Giles felt that he would be better able to face that question, and with it the whole problem of the child’s future, when he had seen “Maman.” That was why he was here. That was why he had said “yes,” on the morning, a fortnight ago, when Maman’s letter at last had come summoning Alix home. Since their interview, long ago in the Winter, he and Alix had never spoken of their mutual secret, that dreadful one-sided secret that Giles visualized as an unexploded bomb lying there between them and liable at a touch to go off and scatter the family happiness to fragments. The interview had ended in a pact. She was to help him; she had, poor little creature, helped him; he still felt stung with shame to think how much; to think how he had profited, how they all had profited, by her falsehoods. And he was bound to help her. He knew, when Maman’s letter came, all that lay behind the appeal as she said: “Oh, Giles, could you not come with me? and stay if only for a little while; so that at last you and Maman may meet?”

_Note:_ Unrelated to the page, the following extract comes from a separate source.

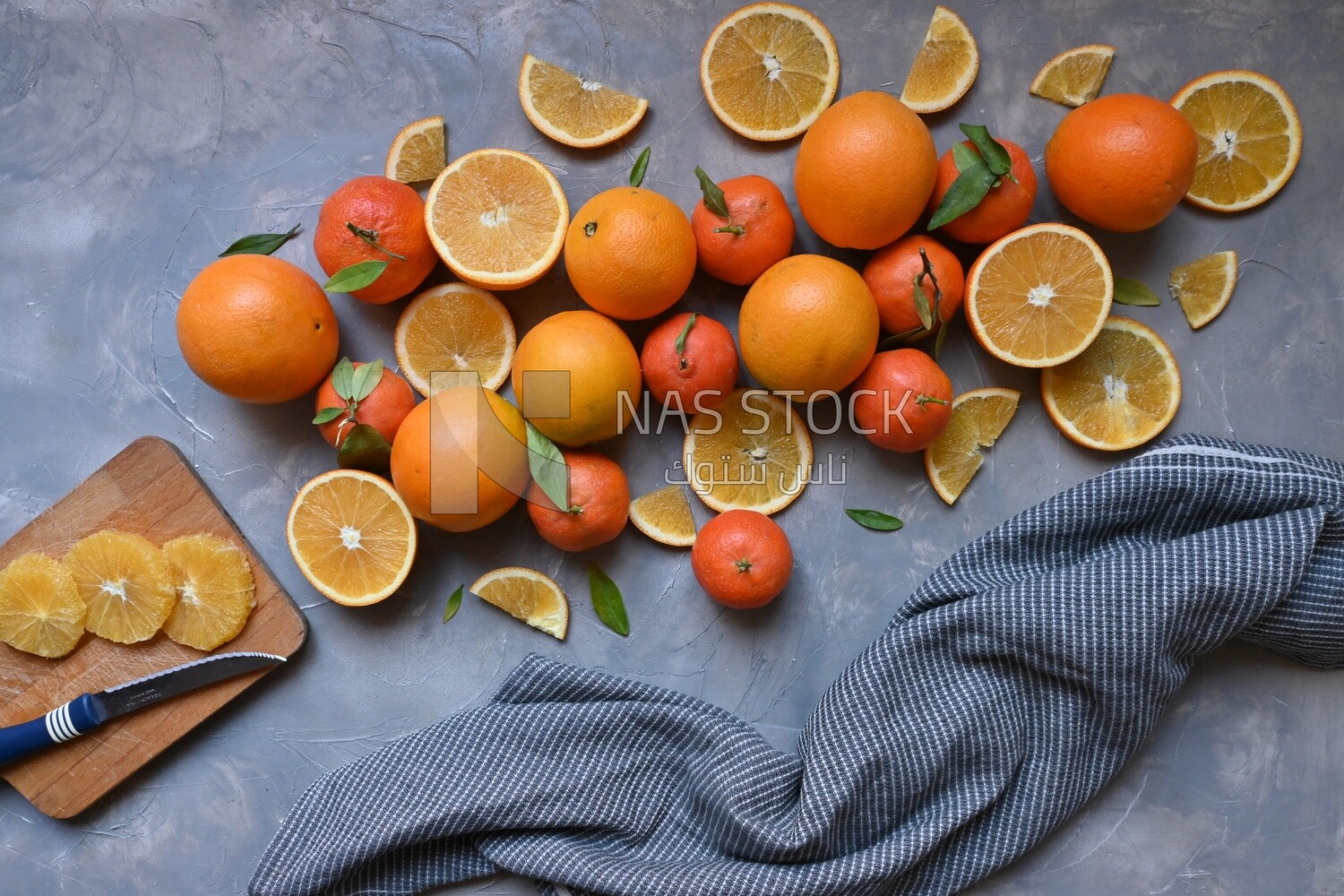 Oranges with a knife and orange slices on the table ​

She felt that it would help if he were to know Maman. And it might well be that he could only effectually help Alix if he faced at last the baleful woman who had brought the hidden disaster to their lives. It was better that he should know, in regard to Alix’s future, what they were “up against.” It had not been of Maman he was thinking when he assented; it had been, as on that day last Winter, of Alix herself. And that was why he was here, on his way to Normandy and the village on the cliff, and it was Dieppe that was showing now, along its wharves, façades of sunlit houses.

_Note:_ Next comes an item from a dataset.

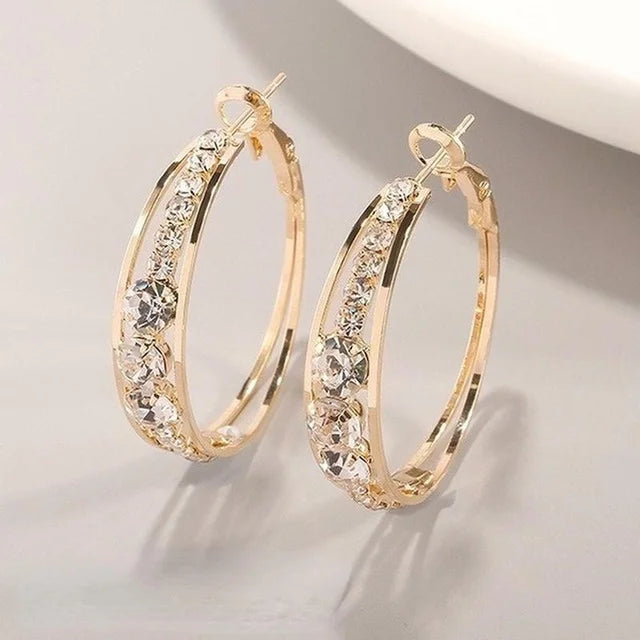 Boucles d'oreilles élégantes et brillantes en or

“Don’t you think, Giles,” said Alix, “that the air in France is very different? Like golden wine?—There was a wine made at a little mountain village near Montarel—Vernay-les-Vouvières it is called—and the wine after it. I wish you could see that village. So high and steep it is, the road climbs for miles before you reach it; and higher still, above the village, is an old, old statue of la Sainte Vierge, looking down over the vineyards and blessing them. When one stands beside her one sees over all the crests of the mountain-ranges; like blue rolling waves. We used to drink Vernay-les-Vouvières at Grand-père’s. It was very cheap, for it could not travel; it lost its bouquet at once if it travelled. And it was a delicious wine; so pale, so light, so delicate. One felt like singing when one drank it. I think the air of France makes one feel like that.”

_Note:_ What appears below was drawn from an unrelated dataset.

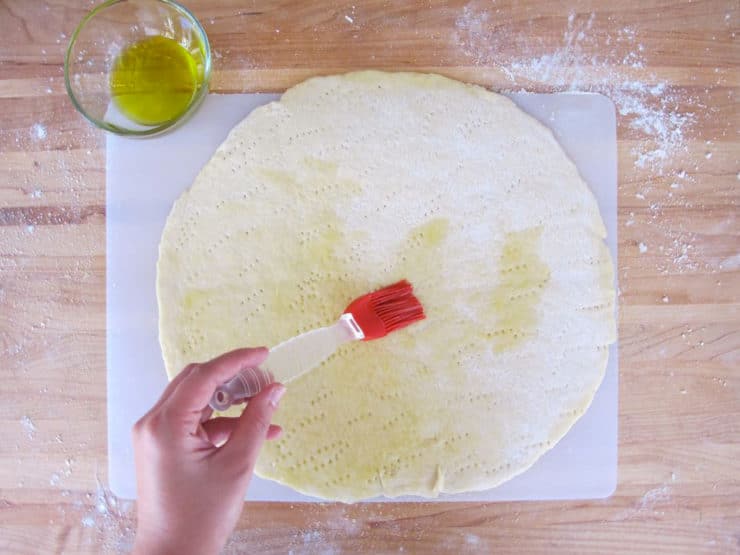 Brushing olive oil on a pizza crust.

Mrs. Bradley’s household, though not pledged to teetotal principles, eschewed all alcoholic drink, and Giles, as he listened, seeing the Virgin, the vineyards, the ingenuous piety, the pagan gaiety that Alix’s words conjured up, wondered what her impressions of their unenlivened meals must have been.

“I wish I could see Vernay-les-Vouvières,” he said. “A beautiful country yours must be, so near the Alps.—We have sunny days in England, you know. It’s a French superstition to think that English people go staggering about in a fog all the year round. You ought to have got over that,” he added. “Our weather is as good as the weather in Northern France; every bit.”

“But different, Giles. As good; but not so happy. Never like wine, I think. Always there is something soft and sleepy in the air. After the air of France it is like milk.”

“Milk is a very excellent thing.”

“Yes. Excellent. As a food. But it does not make one want to sing.”

To this Giles said nothing.

“For a French town Dieppe is not so specially beautiful,” Alix took up presently; for she and Giles knew each other so well that a disagreement could be allowed to fall between them disregarded. “I do not think that for a French town it has special beauty; yet, seen like this, with the harbours, and the wharves, and houses—all so golden, do you not think it is very lovely?”